Problem statement
Starting at the line that contains "Женские кроссовки Skechers", return every line down to the end of the records below, exactly as written.

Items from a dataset
····················
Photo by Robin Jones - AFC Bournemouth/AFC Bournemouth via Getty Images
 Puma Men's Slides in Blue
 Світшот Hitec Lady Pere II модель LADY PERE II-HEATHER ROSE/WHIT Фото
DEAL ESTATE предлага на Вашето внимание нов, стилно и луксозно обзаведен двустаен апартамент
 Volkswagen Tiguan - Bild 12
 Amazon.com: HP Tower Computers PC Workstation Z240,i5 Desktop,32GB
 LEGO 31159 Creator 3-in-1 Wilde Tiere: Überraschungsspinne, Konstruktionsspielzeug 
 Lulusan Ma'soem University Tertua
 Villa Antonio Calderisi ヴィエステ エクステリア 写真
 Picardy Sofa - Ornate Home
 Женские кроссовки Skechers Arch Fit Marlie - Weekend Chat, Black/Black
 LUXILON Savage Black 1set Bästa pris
····················
Written answer
 Женские кроссовки Skechers Arch Fit Marlie - Weekend Chat, Black/Black
 LUXILON Savage Black 1set Bästa pris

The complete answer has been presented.